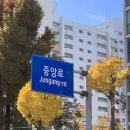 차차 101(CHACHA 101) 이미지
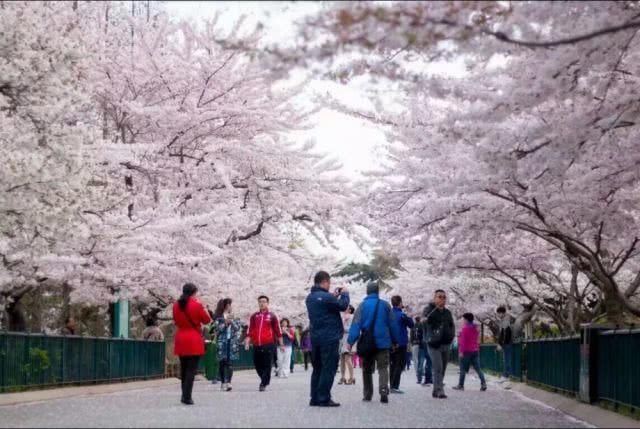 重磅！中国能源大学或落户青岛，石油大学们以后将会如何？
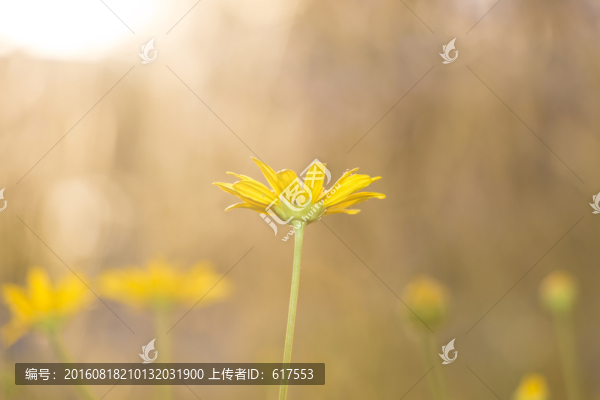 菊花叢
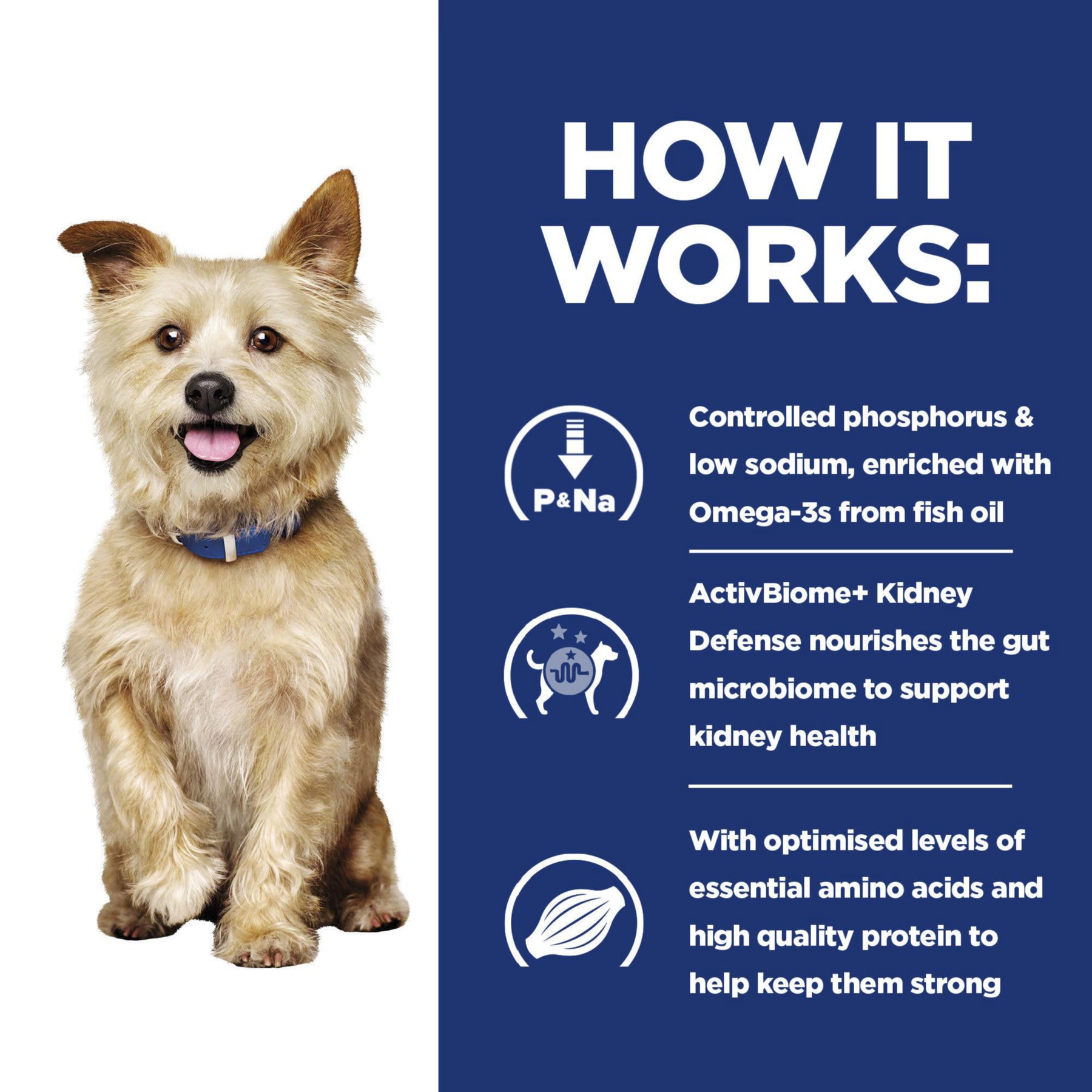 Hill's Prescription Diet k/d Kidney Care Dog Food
•••••
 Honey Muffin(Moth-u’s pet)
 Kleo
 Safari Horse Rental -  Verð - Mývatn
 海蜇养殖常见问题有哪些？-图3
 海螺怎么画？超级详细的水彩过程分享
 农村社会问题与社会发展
•••••
__EXERCISE AIM__
Everything above from the line containing "Honey Muffin(Moth-u’s pet)" down to the line containing "农村社会问题与社会发展" should be copied exactly, both end lines included, and nothing else.

__WRITTEN ANSWER__
 Honey Muffin(Moth-u’s pet)
 Kleo
 Safari Horse Rental -  Verð - Mývatn
 海蜇养殖常见问题有哪些？-图3
 海螺怎么画？超级详细的水彩过程分享
 农村社会问题与社会发展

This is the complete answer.